Şehirleşme sürecinden önce Alevilerin önder tanıdıkları, sözünü
dinledikleri kişiler sadece Dedelerdi. Şehirleşme sürecine gi-rildikten sonra
Alevi aydınlar ve yazarlar diye bir zümre daha ortaya çıktı. Aleviler bunlara da
kulak vermeye ve sözlerini dinlemeye başladılar. Hatta okur-yazar olan kültürlü
Aleviler, bunların sözlerini daha doğru ve inandırıcı buldu. Bu ise Dedelerin
etkisini azalttı ve Dedelere olan güveni de bir ölçüde sarstı.

Şehirleşme sürecine girilmesi Alevilerdeki “soy gütme”,
“Dedelerin ocakzade olmaları” gibi anlayışlarını zayıflattı. Zira şehirde
aşiret, kabile ve soy anlayışı yürümez. Şehrin çeşitli yerlerinde dağınık olarak
yaşayan Alevilerin türdeş bir toplum olarak yaşamaları zordur. Alevilere “köy
Bektaşiler”, Bektaşilere “şehir Alevileri” denilmesi eğer doğru ise kentlileşen
Alevilerin Bektaşileşecekleri, köy Alevilerinden farklı bir hal alacakları
söylenebilir.

Alevilik ya bir dindir ya bir mezheptir veyahut da bir
tarikattır. Bunun dışında bir şey olmaları din ve onun şekilleri açısından
imkansızdır. Aleviler çoğunlukla Aleviliğin bir tarikat veya mezhep veya
İslam’ın dışında ve ondan ayrı bir şey olduğunu kabul etmezler. Geleneksel alevi
inancına göre Alevilik, İslam’ın ta kendisidir. Aleviliği değişik şekillerde
tanımlayanların bu tanımlamaları otuz-kırk seneyi geçmez. Bu duruma göre İslam
ile Alevilik arasındaki uçurum ne kadar derin olursa olsun, dini açıdan
Alevileri nitelerken onların beyanlarını esas almaktan başka yapılacak bir şey
yoktur. Yani Aleviler ne olduklarını söylüyorlar ise odurlar.
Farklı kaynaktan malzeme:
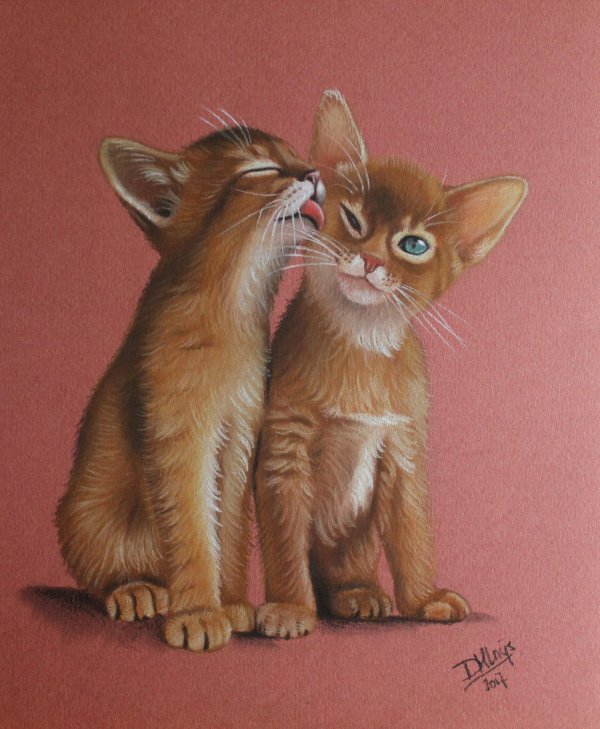 влюбленные коты рисунки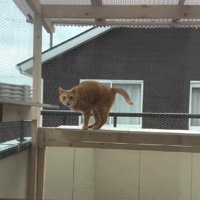 テラスの猫
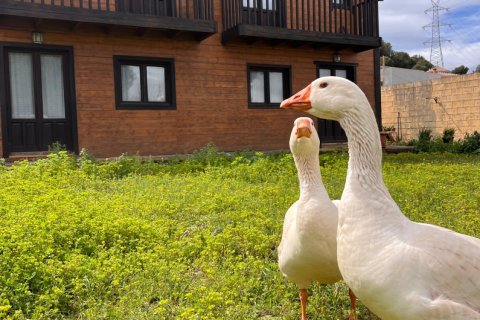 Dom w Alhaurin de la Torre, Malaga, Hiszpania 4 sypialnie, 206 mkw. nr 153252 – zdjęcie 3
Aleviliğin tarihi, kültürü ve kaynakları araştırılmaya değer bir
konu olma özelliğini korumakla beraber Alevilik bir sır, bir muamma değildir.
Çeşitli Alevi zümrelerinin inanç ve ibadetleri birbirinden çok farklı olmakla
beraber, bunlar bellidir, dini hayatları bilinmektedir. Bazı ayinlerin belli bir
safhasının gizli yapılması, bu ayinlere alevi olmayanların alınmaması,
Alevilerin bazı hallerde kendilerin yabancılara açmamaları, onları esrarengiz,
ne oldukları bilinmeyen, gizli bir cemaat haline getirmez. Alevilik basit ve
sade ama Alevi toplumlarına değişen bir çok inanç ve davranış biçimlerinden
oluşan din içerikli sosyal bir olgudur. Uzun yıllar değişmeden XX. Yüzyıla kadar
gelmiş, bu yüzyılın ikinci yarısında bir değişme sürecine girmiştir. Bu
değişimin nerede karar kılacağını şimdiden kestirmek oldukça güçtür.